Les avocats de l’accusation demandaient une peine exemplaire de 150 ans de prison, demande qualifiée de « déraisonnable » et d’anticonstitutionnelle par le juge François Huot.

Une disposition du code pénal canadien, révisée en 2011, permet en théorie de cumuler les peines, mais le magistrat a estimé que « soumettre un meurtrier à une peine supérieure à son espérance de vie risqu[ait] de semer un doute quant à la crédibilité du système judiciaire ». Et, selon lui, va à l’encontre de la Charte canadienne des droits et libertés, à valeur constitutionnelle.

Au terme d’un long prononcé de plus de six heures, le juge Huot a ainsi condamné M. Bissonnette à la prison à vie avec une période de sûreté de 40 ans : comme le jeune homme avait 27 ans lors de son arrestation, il ne pourra pas présenter une demande de libération conditionnelle avant ses 67 ans.

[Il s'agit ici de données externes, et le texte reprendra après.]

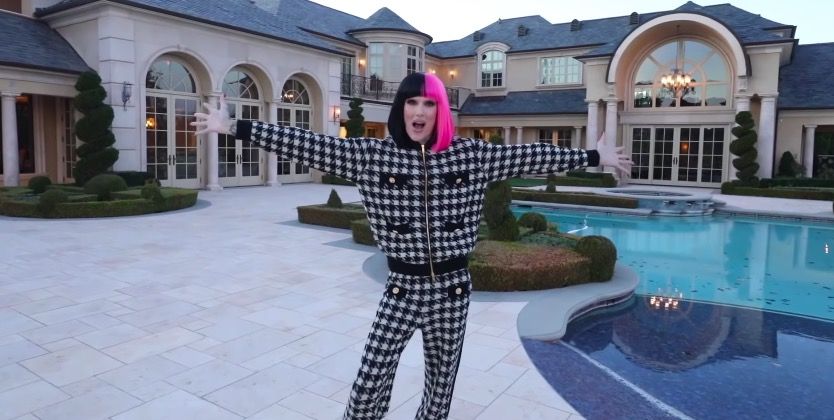 Jeffree Star moved: A look inside his hideous new house – Film Daily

« La haine viscérale des immigrants de confession musulmane » animait le meurtrier, a regretté le juge. Ce « crime mérite la plus grande des dénonciations », a-t-il déclaré.

Crime « hautement prémédité »

A 19 h 55 le dimanche 29 janvier 2017, fusil à la main, Alexandre Bissonnette franchissait la porte principale de la mosquée de Québec et ouvrait le feu de sang-froid sur la quarantaine d’hommes et les quatre enfants qui bavardaient après la prière dans la grande salle du rez-de-chaussée. Six hommes tombent sous ses balles et cinq sont grièvement blessés. Les six musulmans tués étaient tous des binationaux ayant émigré au Canada : deux Algériens, deux Guinéens, un Marocain et un Tunisien. Informaticien, professeur d’université ou épicier, ils étaient tous intégrés à la vie québécoise depuis de longues années.

« Vous avez tué six de vos semblables, dont le crime était d’être différents de vous », a lancé le magistrat lors de son verdict. Veste de complet et chemise blanche, Alexandre Bissonnette a écouté à la barre le juge prononcer son verdict, le regard vers le sol. Présents parmi les 250 personnes du public, ses parents ont écouté la sentence en essuyant des larmes, tout comme plusieurs amis et proches des victimes.

Le jeune Québécois, ex-étudiant en sciences politiques séduit par les idées nationalistes et suprémacistes, a mené « une attaque préméditée, gratuite, sournoise et meurtrière », a résumé magistrat. L’attaque contre la mosquée de Québec « demeurera à jamais inscrite en lettres de sang dans l’histoire de cette ville, de cette province, de ce pays », a-t-il remarqué, soulignant que ce crime était « hautement prémédité ». « Les actes posés par Alexandre Bissonnette portent atteinte à nos valeurs sociétales fondamentales », a également accusé le magistrat dans un jugement de 246 pages.

La défense et l’accusation se sont abstenus dans l’immédiat de commenter le verdict. Les deux parties ont 30 jours pour interjeter appel.